La condena moral que pesa sobre los parranderos, bien ganada en algunos casos, pero inmerecida en bloque, otorga a nuestros verdugos una patente de corso para cometer estafas, secuestros o asaltos con edénica impunidad. La mayoría de los hombres casados no quieren dejar huellas de sus juergas, en particular si las remataron en un antro de table dance. Aunque los hayan obligado a pagar cuentones abusivos a punta de pistola, prefieren evitarse posibles represalias y el daño moral que puede acarrearles una denuncia penal. Hasta para despeñarse en el vicio hace falta un mínimo de valor civil: su ausencia contribuye a perpetuar una indefensión que ha enlutado a muchos hogares.

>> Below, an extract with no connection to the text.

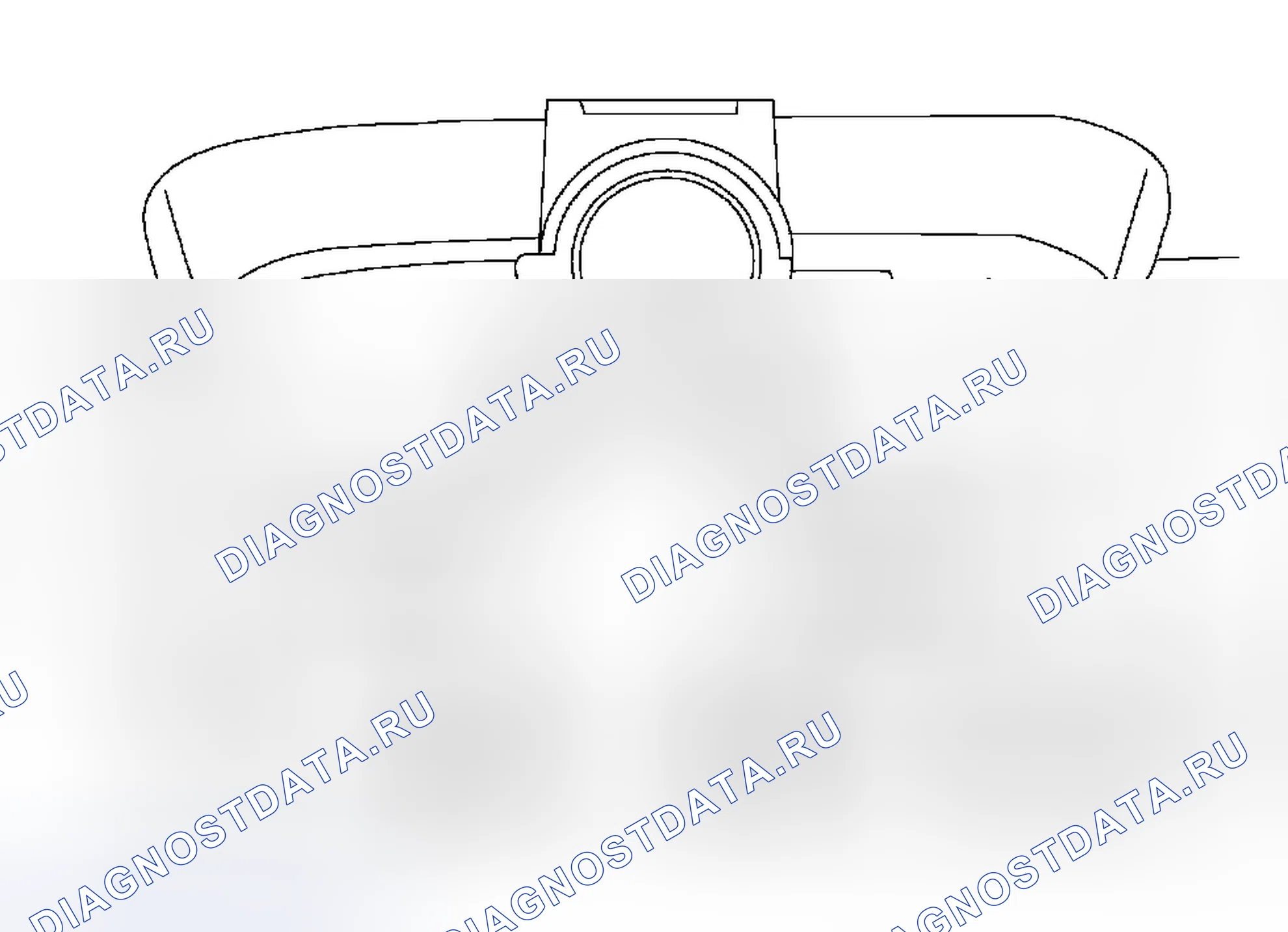 Рис. 622. Ford Focus I рестайлинг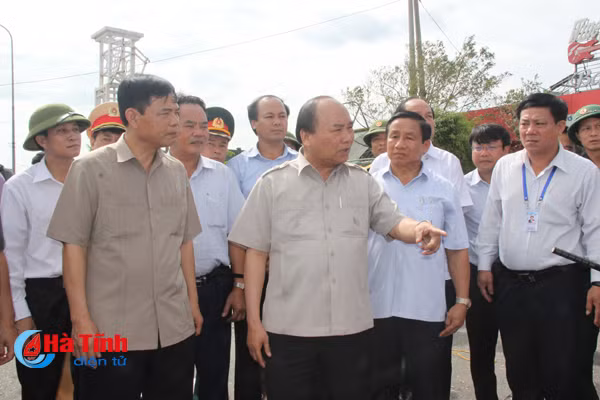 thu tuong kiem tra khac phuc hau qua bao so 10 tai ha tinh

Arenas llegó al lugar donde lo mataron procedente del bar República, un antro de Polanco donde salió por su propio pie a las dos y media de la mañana. Ahora sabemos que a las afueras del República opera una mafia de taxistas “tolerados” a quienes los dueños del Black Royce ofrecían comisiones por llevarles reses al matadero. Muchos no llegaban a su destino porque los taxistas o los choferes de Uber los asaltaban en mitad del trayecto. El miedo al alcoholímetro disuade de manejar a muchos bebedores, pero esa buena política pública se está convirtiendo en una trampa mortal para los juerguistas obligados a tomar taxis de madrugada.

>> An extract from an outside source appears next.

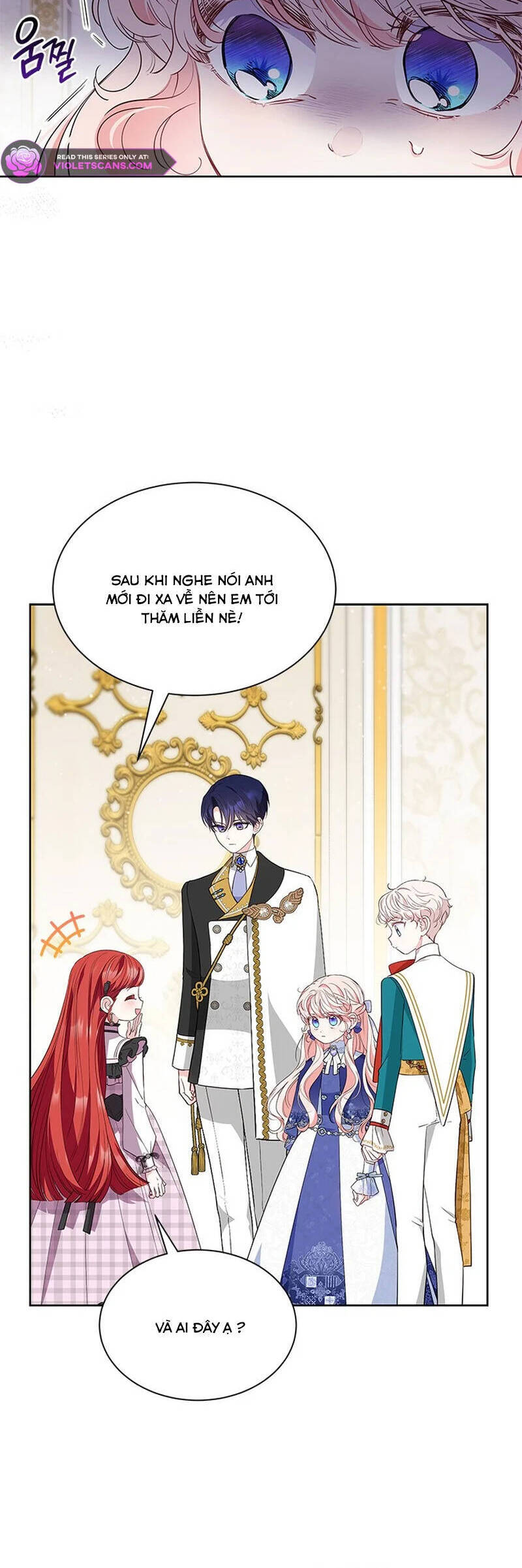 Từ Chối Sủng Ái Thì Sao Lại Bị Ám Ảnh - Chapter 38 - Page 21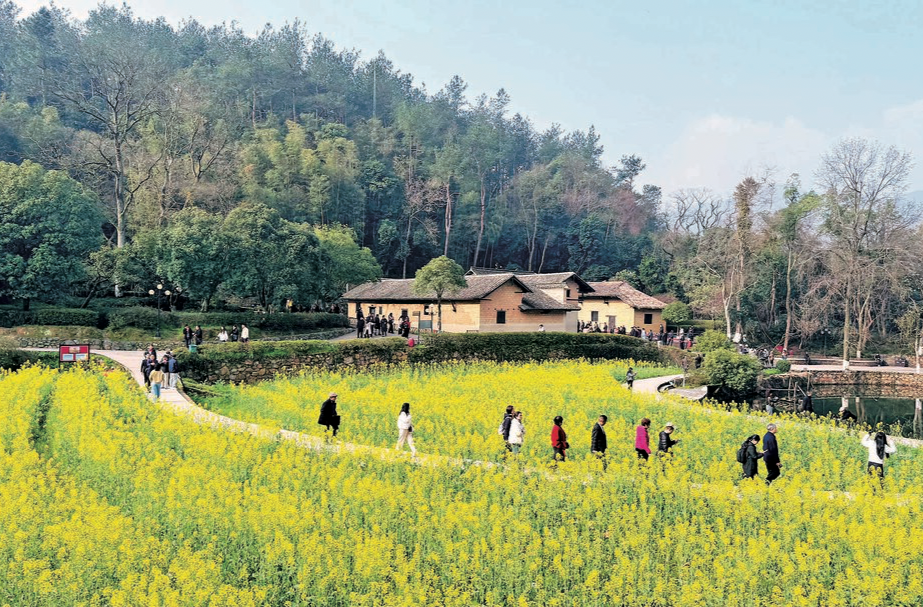 周末来湘潭，可以怎么玩？这份攻略赶紧收藏！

Otro factor que atenta contra la seguridad del noctámbulo, más difícil de combatir por tratarse de una patología social, son los estragos de la moralina conservadora en la conciencia de los hampones que reprueban un estilo de vida derrochador y pecaminoso, a pesar de lucrar con él. Con frecuencia, los delincuentes camuflados como taxistas, o los administradores de antros que intimidan al cliente para encajarle un cobro indebido, recurren a una cómoda coartada psicológica: erigirse en defensores de la virtud con derecho a castigar una conducta indecente. Esa cólera hipócrita es aún más notoria en el caso de los judiciales que patrullan las calles a la caza de borrachos fáciles de secuestrar. Y me temo que si alguien levantara una encuesta preguntando a la gente si considera justo que los noctámbulos sean asaltados al salir de un congal o un bar gay, el jurado popular dictaminaría que se lo buscaron.

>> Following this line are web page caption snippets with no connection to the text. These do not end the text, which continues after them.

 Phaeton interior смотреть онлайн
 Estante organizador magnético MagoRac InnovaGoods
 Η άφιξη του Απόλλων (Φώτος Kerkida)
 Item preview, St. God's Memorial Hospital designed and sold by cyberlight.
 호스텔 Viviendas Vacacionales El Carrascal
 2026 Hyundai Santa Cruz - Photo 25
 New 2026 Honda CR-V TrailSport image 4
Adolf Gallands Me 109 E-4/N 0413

La Ciudad de México tiene ya una vida nocturna muy liberal y variopinta, que veo de lejos con envidia, pues en mi juventud no existía nada parecido. Las oleadas de chavos gringos y europeos que residen en los barrios de moda, haciendo home office para empresas de sus países, crean una atmósfera cosmopolita que antes sólo tenían las grandes metrópolis del primer mundo. A veces, la euforia dionisiaca de la capital me recuerda la marcha madrileña de los años ochenta, pero la inseguridad del noctámbulo sigue siendo la rémora que le impide ser una “ciudad de vanguardia”, como decía el sexenio pasado la propaganda oficial. No puede reinar una permisiva atmósfera de carnaval en lugares donde el hampa tiene cotos de poder que ninguna autoridad puede arrebatarle.
En países conservadores como Italia, una estricta reglamentación reprime por completo a los trasnochadores, de modo que nadie viaja a Roma en busca de reventón. La capital de México aspira, en cambio, a captar turistas con una rica gama de diversiones nocturnas, incluyendo antros donde se ejerce la prostitución, sin ofrecer, por desgracia, ninguna garantía de seguridad a sus clientes. Esta contradicción hundió la economía de Acapulco y está dando al traste con la de Cancún y Playa del Carmen. En ciudades como Roma, la gente ya sabe que a la medianoche debe irse a dormir: aquí, en cambio, la oferta de bares y discotecas incita al público incauto a correrse parrandas épicas. O respetamos los derechos del noctámbulo o lo confinamos a la tertulia doméstica:
lo que no se vale es aparentar una modernidad libérrima que en cualquier momento le puede costar la vida.